In Critique of Pure Reason published in 1781, philosopher Emmanuel Kant says that it is the job of the mind to turn the chaos of raw experience into something that we, as individuals, can understand. We need rules, according to Kant, so that the confusion that is around us in life can be interpreted – can be made sense of. This sounds reasonable, except for one thing: Kant begins with the assumption that, at its essential nature, the universe is bedlam and human beings are the ones who bring order to it. Today the opposite is true. Philosopher Jay Ingram in The Theatre of the Mind says that the mind itself is bedlam – not the universe, and our job is to still the mind so that the harmony that is all around us can filter in.
If you study meditation– whether Christian or Buddhist or Hindu, you’ll know this latter reality to be more along the lines of these ancient religions. For thousands of years religion has said that when you still your racing mind, you come into a place of pure God. God is the first reality. Rules about God, far from being ultimate truth, are reflections of the people who make the rules up. They are secondary.
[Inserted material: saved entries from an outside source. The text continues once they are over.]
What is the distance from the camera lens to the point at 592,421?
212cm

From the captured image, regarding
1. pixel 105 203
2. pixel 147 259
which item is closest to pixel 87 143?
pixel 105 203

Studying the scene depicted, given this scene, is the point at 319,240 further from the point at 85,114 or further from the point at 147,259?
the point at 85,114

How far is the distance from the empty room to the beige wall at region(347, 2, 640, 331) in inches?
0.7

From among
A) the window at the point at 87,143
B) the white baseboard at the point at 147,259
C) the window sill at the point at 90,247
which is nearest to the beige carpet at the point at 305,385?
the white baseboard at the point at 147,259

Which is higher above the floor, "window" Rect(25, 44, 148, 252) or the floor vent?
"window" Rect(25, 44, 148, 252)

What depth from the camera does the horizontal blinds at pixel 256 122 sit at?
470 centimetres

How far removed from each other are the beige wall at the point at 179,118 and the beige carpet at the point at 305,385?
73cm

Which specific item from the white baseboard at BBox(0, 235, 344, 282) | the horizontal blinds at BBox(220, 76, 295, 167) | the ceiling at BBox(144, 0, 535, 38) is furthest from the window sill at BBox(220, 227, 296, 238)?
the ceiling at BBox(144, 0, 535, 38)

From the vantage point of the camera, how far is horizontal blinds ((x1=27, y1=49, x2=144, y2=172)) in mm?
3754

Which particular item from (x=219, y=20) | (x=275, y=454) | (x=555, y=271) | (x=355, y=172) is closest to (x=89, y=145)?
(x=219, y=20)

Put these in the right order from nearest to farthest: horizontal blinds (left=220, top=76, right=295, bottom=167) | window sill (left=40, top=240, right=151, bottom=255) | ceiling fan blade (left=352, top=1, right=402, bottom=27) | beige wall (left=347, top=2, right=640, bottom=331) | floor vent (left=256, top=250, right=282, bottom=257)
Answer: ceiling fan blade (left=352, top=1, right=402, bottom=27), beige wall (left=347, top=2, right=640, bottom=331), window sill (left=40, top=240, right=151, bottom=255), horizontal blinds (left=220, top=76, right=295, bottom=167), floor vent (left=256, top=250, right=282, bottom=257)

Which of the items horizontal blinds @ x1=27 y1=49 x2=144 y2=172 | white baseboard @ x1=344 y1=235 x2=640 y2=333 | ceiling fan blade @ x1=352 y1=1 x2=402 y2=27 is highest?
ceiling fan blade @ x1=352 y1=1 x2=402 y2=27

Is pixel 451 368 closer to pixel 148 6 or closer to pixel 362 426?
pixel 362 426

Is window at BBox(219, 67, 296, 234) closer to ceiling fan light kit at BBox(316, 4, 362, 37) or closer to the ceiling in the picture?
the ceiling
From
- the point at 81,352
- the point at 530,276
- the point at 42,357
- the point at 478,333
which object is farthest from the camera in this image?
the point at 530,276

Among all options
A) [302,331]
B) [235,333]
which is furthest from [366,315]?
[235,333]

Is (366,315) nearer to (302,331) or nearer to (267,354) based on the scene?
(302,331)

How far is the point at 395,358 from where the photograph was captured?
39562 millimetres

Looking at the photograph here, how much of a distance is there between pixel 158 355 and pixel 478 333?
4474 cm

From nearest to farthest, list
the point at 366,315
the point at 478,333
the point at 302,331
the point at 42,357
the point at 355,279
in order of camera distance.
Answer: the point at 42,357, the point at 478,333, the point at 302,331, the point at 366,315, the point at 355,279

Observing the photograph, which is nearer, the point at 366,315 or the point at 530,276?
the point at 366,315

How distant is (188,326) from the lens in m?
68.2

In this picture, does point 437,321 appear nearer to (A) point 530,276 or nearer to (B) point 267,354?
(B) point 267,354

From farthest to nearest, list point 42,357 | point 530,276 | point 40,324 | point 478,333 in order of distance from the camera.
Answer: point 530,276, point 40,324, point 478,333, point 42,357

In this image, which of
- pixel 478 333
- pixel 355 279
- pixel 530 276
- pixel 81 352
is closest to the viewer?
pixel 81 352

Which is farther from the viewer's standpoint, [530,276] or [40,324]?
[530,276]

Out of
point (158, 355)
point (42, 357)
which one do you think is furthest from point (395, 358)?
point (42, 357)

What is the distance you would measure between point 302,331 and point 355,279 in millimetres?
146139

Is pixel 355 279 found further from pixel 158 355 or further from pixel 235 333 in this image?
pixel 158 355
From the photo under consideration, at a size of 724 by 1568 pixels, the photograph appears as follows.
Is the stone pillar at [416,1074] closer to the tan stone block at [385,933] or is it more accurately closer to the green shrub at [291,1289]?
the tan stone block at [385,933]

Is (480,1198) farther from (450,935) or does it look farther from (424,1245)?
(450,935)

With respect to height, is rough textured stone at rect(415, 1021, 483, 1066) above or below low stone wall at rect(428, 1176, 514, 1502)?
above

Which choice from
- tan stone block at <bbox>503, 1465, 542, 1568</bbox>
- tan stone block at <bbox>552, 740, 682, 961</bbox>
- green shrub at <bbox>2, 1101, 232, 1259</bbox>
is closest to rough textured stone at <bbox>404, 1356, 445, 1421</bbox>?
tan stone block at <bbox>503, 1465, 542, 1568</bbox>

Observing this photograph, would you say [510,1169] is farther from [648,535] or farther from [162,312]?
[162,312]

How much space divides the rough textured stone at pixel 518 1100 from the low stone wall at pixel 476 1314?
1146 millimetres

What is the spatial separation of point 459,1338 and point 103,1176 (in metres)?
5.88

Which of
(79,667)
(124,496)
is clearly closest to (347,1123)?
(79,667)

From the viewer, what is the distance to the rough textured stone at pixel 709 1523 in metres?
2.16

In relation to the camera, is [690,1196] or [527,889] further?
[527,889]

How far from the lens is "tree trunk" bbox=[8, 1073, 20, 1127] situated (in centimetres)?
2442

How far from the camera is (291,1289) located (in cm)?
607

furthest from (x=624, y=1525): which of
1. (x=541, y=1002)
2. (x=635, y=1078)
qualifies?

For instance, Paul becomes a follower of Jesus not because Peter or one of the other disciples comes to him with a brilliant thesis on Christian ethics or a well-packaged course on interpreting biblical texts. No, Paul has some sort of experience. It might have been an out of the ordinary and ecstatic experience, but it felt integral to him. Every parent who has watched their eight month old put her fist, the dog’s tail, or someone else’s old candy in her mouth knows of what I speak. In the beginning there is the event. The discerning and deciphering of the event happen afterward. The rules come later.
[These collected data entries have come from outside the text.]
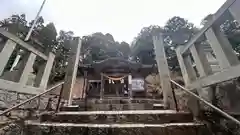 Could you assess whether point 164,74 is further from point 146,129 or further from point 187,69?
point 146,129

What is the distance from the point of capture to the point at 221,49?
212 centimetres

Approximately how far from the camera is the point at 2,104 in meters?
3.18

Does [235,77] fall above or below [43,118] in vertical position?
above

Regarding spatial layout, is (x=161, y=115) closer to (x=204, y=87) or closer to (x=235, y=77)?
(x=204, y=87)

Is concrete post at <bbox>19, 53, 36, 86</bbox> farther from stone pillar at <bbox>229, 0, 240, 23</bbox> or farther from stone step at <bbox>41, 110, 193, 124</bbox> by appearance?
stone pillar at <bbox>229, 0, 240, 23</bbox>

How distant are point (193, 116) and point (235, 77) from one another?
3.39 feet

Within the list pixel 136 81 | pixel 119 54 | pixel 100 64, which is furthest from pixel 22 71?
pixel 119 54

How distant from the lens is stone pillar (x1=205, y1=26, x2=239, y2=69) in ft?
6.58

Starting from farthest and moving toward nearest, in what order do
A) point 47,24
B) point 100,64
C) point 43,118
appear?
point 47,24
point 100,64
point 43,118

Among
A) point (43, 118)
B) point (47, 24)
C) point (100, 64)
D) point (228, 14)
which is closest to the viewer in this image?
point (228, 14)

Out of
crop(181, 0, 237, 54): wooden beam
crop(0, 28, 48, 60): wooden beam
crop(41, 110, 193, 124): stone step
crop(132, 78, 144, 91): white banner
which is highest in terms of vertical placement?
crop(132, 78, 144, 91): white banner

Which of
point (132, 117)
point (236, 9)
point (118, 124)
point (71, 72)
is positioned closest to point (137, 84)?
point (71, 72)

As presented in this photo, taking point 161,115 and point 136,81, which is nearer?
point 161,115

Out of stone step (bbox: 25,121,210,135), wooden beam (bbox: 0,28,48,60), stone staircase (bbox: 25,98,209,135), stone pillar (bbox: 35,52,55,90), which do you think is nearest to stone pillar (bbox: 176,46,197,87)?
stone staircase (bbox: 25,98,209,135) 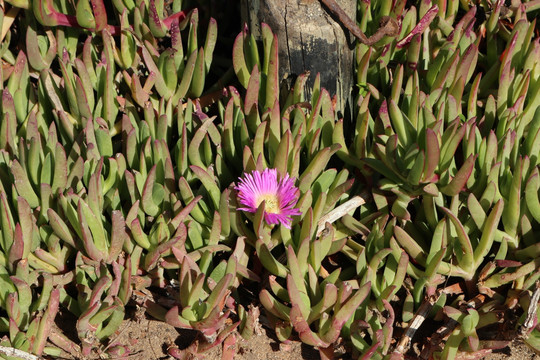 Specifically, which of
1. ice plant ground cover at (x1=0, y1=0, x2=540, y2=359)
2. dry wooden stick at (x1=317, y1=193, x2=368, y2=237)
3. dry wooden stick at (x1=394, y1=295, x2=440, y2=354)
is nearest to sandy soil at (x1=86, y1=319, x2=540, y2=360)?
ice plant ground cover at (x1=0, y1=0, x2=540, y2=359)

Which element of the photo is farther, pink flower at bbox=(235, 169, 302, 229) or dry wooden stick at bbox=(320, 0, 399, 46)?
dry wooden stick at bbox=(320, 0, 399, 46)

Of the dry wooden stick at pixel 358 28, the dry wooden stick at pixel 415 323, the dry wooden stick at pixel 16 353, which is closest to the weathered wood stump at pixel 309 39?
the dry wooden stick at pixel 358 28

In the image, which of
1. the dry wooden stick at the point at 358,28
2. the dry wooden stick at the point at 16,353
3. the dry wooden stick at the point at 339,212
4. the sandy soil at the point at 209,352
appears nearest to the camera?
the dry wooden stick at the point at 16,353

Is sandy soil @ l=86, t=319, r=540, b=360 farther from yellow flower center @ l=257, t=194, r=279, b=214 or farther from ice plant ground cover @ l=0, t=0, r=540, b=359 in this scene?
yellow flower center @ l=257, t=194, r=279, b=214

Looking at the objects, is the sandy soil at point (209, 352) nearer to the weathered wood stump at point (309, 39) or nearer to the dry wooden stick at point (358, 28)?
the weathered wood stump at point (309, 39)

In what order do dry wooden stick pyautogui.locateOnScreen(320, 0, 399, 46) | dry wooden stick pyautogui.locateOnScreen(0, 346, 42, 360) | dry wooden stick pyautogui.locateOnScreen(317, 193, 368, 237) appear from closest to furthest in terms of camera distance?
dry wooden stick pyautogui.locateOnScreen(0, 346, 42, 360) → dry wooden stick pyautogui.locateOnScreen(317, 193, 368, 237) → dry wooden stick pyautogui.locateOnScreen(320, 0, 399, 46)

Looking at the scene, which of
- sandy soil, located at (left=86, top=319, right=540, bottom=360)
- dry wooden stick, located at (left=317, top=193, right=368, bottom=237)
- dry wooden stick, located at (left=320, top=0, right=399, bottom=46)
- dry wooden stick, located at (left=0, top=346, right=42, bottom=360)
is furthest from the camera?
dry wooden stick, located at (left=320, top=0, right=399, bottom=46)

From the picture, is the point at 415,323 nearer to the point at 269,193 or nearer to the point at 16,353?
the point at 269,193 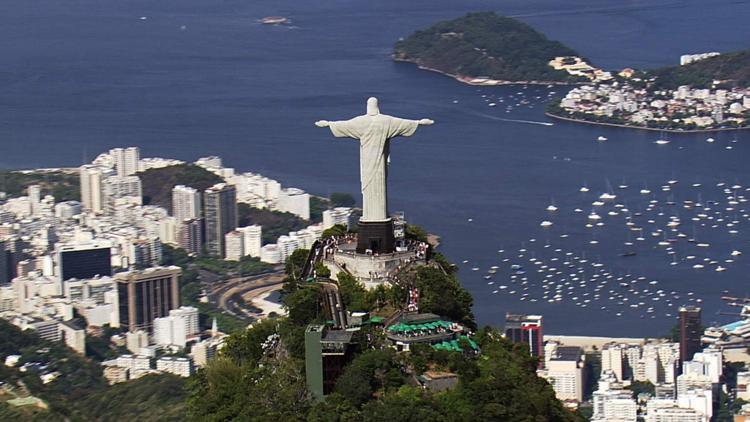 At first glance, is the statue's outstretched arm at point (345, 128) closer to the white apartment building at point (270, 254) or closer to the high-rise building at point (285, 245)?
the high-rise building at point (285, 245)

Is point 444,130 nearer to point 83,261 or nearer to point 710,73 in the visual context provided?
point 710,73

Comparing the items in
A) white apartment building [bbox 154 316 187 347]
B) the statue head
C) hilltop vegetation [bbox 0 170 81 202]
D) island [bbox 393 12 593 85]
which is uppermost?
island [bbox 393 12 593 85]

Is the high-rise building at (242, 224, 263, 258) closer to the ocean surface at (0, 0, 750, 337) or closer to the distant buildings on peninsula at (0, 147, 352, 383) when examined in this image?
the distant buildings on peninsula at (0, 147, 352, 383)

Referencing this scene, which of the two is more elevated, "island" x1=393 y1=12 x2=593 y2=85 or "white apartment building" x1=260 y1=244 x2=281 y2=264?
"island" x1=393 y1=12 x2=593 y2=85

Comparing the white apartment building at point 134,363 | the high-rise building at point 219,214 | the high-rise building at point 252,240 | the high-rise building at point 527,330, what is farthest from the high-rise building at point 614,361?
the high-rise building at point 219,214

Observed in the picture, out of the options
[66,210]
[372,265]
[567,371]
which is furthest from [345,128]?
[66,210]

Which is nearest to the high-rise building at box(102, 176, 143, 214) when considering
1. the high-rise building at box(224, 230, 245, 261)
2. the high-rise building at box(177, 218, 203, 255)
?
the high-rise building at box(177, 218, 203, 255)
Of course, rules are important. Like the directions in a cook book, they help us move from a stage of uncertainty to a stage of proficiency. Rules mean that you don’t have to re-invent the wheel every time you try to make something that you haven’t made before. But any good cook knows, once you have become proficient, you throw the rules away again and do your own thing. You throw in some lemon grass. And some sweet basil. And a hint of hot pepper. And then the thing comes alive. Once the rules have served you, you leave them behind.
This is also true of rules about God. There is not one rule, one doctrine, one teaching in the whole Christian church, as important as they all are, that will exempt you from living your life as a full human being under your own steam. That’s why Paul says, “work out your own salvation with fear and trembling; for it is God who is at work in you.” After you become proficient, you have to let the rules go. Your job is to live. Period. Because living is what God intends us to do.